The uproar also sparked retaliation by an Iranian newspaper, which said that in the same spirit, it was putting out a call for cartoons about the Holocaust.

The audience that came to hear Ebadi, a human rights lawyer who in 2003 became the first Muslim woman to win the international prize, was more inclined to engage in dialogue than to react violently.

The Wildcat cartoon depicts Jesus telling Muhammad, "You really needa learn how to take a joke."

Standing before the caricatures of Jesus and Muhammad are exaggerated depictions of Moses, Buddha and the pagan god Triton.

Ebadi, whose talk was translated into English, said she was in Denmark when the cartoon was first published.

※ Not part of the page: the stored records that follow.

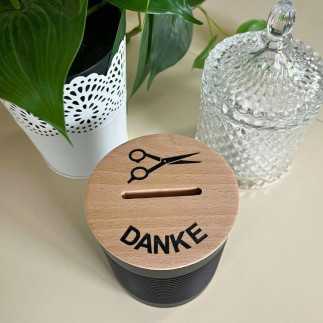 barber’s tip jar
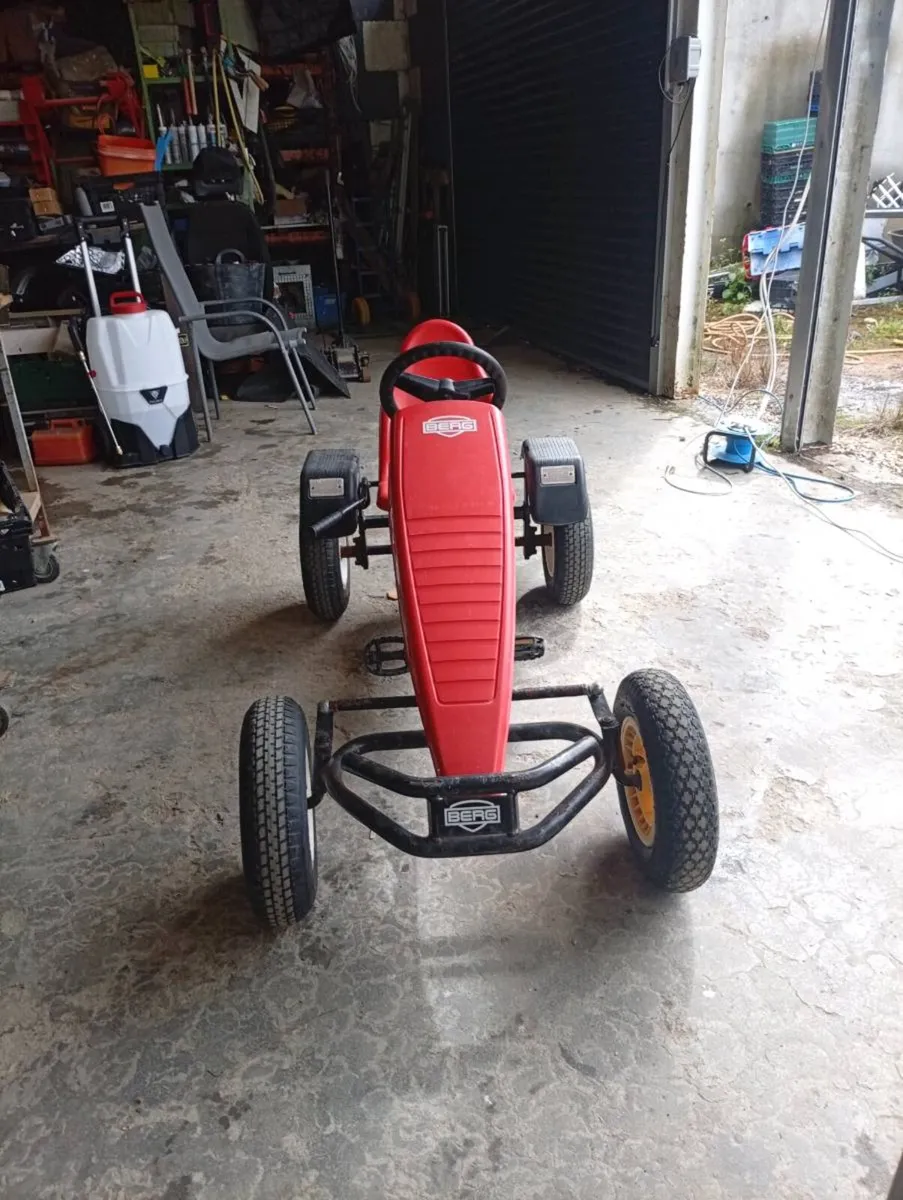 Pedal go cart - Image 4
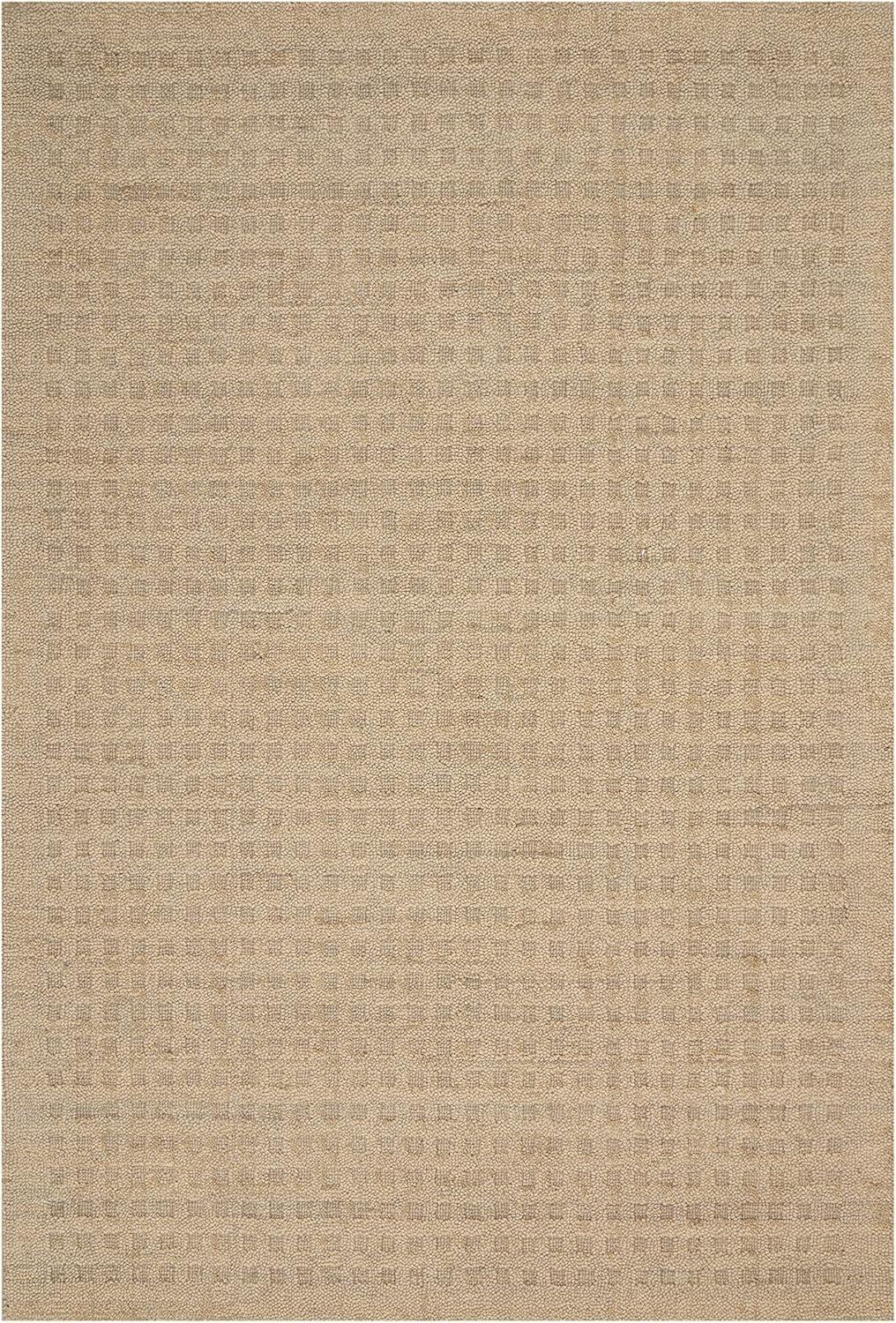 Nourison Perris Textured Indoor Area Rug Taupe 5' x 7'6"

"I was asked about the cartoon," she said. "I replied that I respect freedom of speech and nothing can prevent the creativity of an artist. But that was not the problem in Denmark.

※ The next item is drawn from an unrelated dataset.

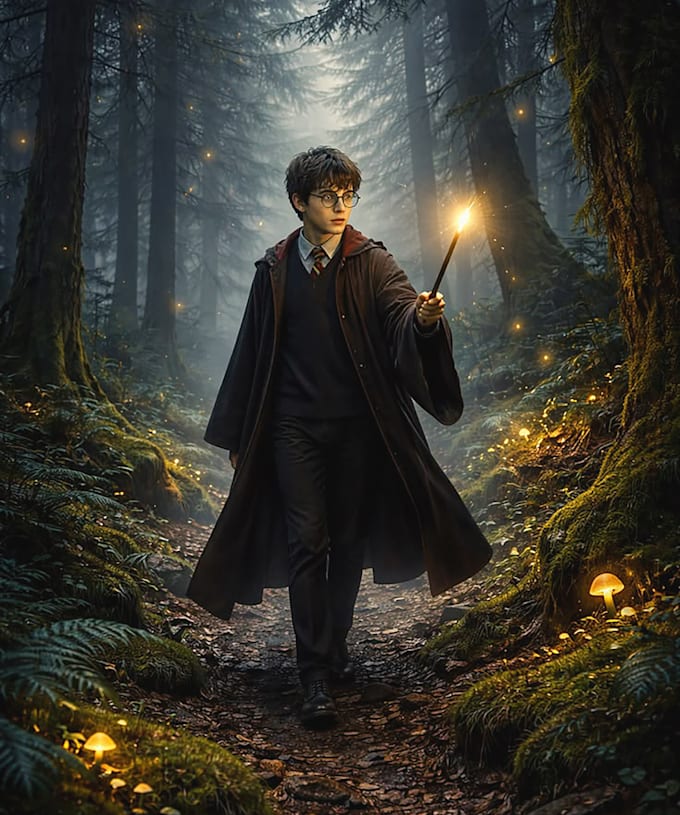 design an epic magical fantasy book cover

"What happened in Denmark is that they said they would have a competition and give awards to the people who drew the Prophet Muhammad."

A Danish editor said he put out a call for editorial cartoonists to draw Muhammad as they saw him. The editor said he feared the press was self-censoring out of fear of offending radical Islamists.

Twelve images were published as a package, one depicting Muhammad with a lit fuse coming out of his turban.

"It's one thing for an artist to sit down and creatively create an image," Ebadi said. "It's another thing for one publication to hand out awards based on a cartoon of the prophet Muhammad."